• [Problem statement]
Below are records to retype exactly, except for the pictures.

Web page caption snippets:
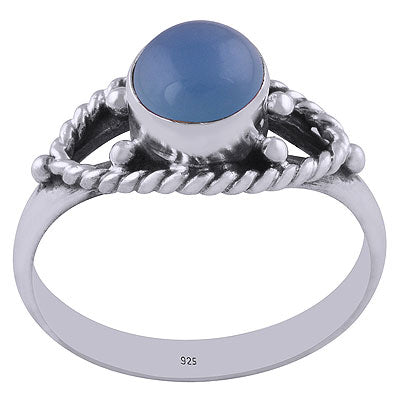 Authentic Wire & Rawa Work Around Blue Chalcedony Round Shape 925 Sterling Solid Silver Ring - R3401184-35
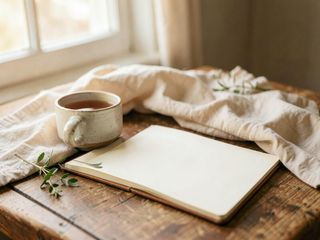 A cup of tea, an open journal, soft linen and a sprig of greenery in warm daylight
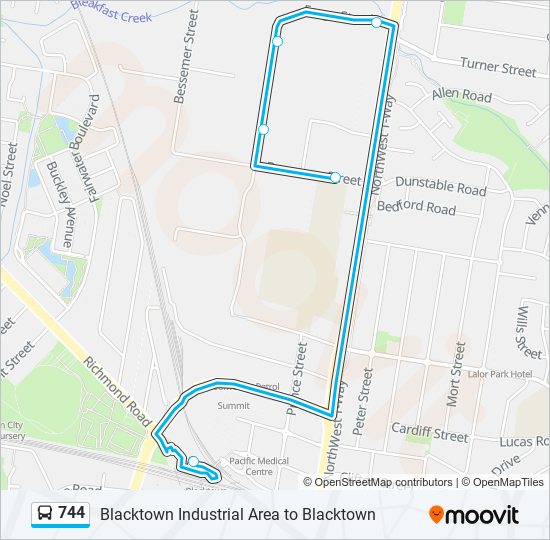 Mapa de 744 de autobús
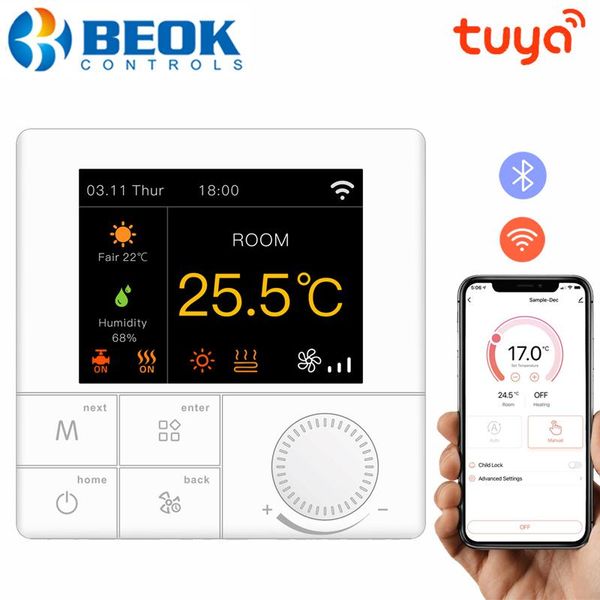 smart home control beok tuya wifi thermostat for water floor / gas boiler heating temperature regulator color screen works with alexa google
smart home control beok tuya wifi thermostat for water floor / gas boiler heating temperature regulator color screen works with alexa google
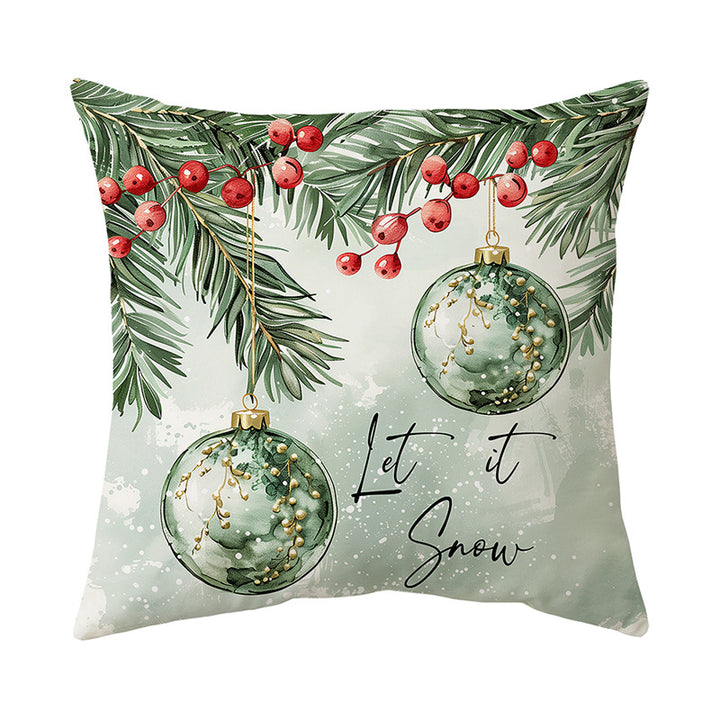 Decorative Linen-Texture Square Throw Pillow Cover with Winter Deer Forest Print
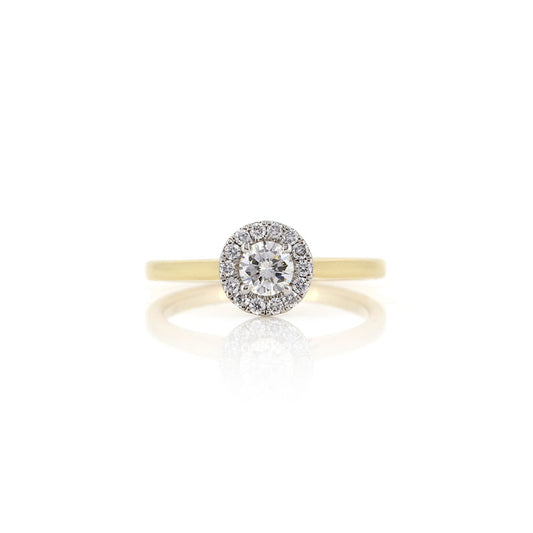 Grace Diamond Solitaire Round Halo 0.45ct Ring - 18ct Yellow Gold and Platinum Rings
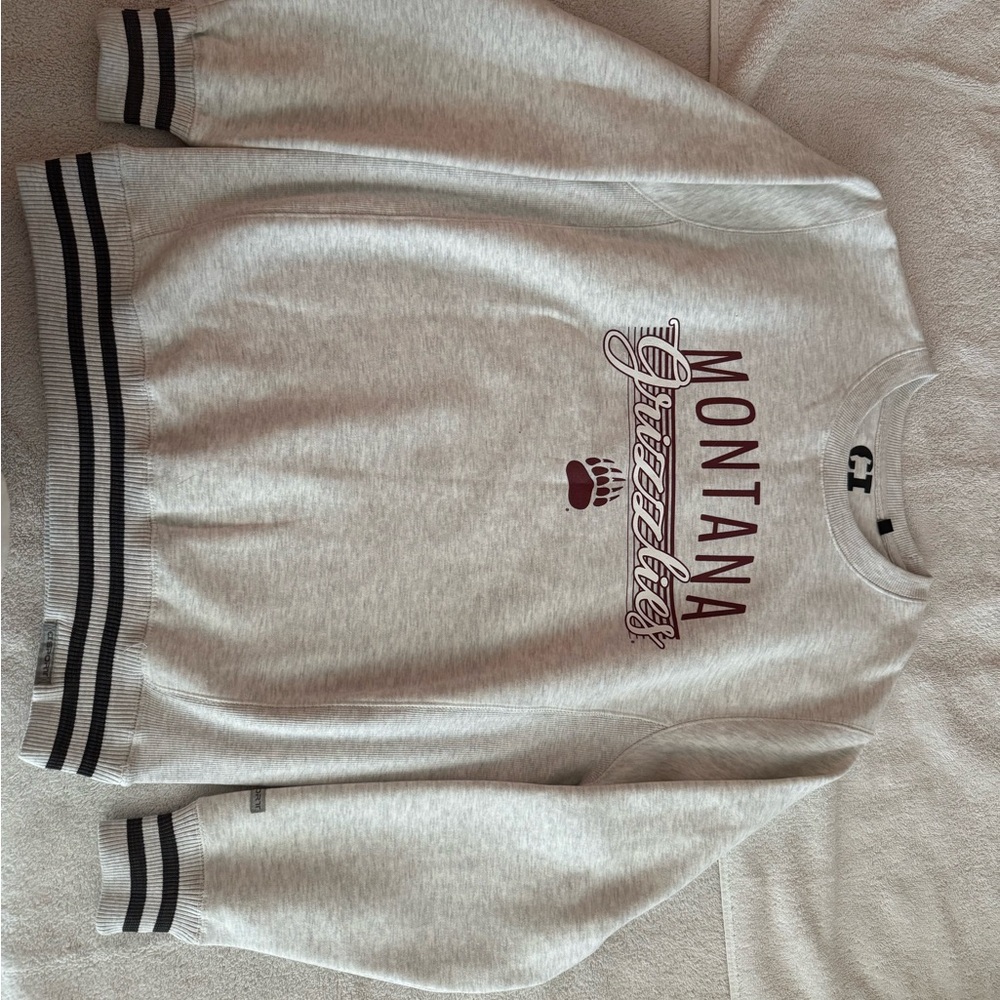 Gray Montana Sweatshirt with Black and Red Accents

• [Your response]
 Authentic Wire & Rawa Work Around Blue Chalcedony Round Shape 925 Sterling Solid Silver Ring - R3401184-35
 A cup of tea, an open journal, soft linen and a sprig of greenery in warm daylight
 Mapa de 744 de autobús
 smart home control beok tuya wifi thermostat for water floor / gas boiler heating temperature regulator color screen works with alexa google
smart home control beok tuya wifi thermostat for water floor / gas boiler heating temperature regulator color screen works with alexa google
 Decorative Linen-Texture Square Throw Pillow Cover with Winter Deer Forest Print
 Grace Diamond Solitaire Round Halo 0.45ct Ring - 18ct Yellow Gold and Platinum Rings
 Gray Montana Sweatshirt with Black and Red Accents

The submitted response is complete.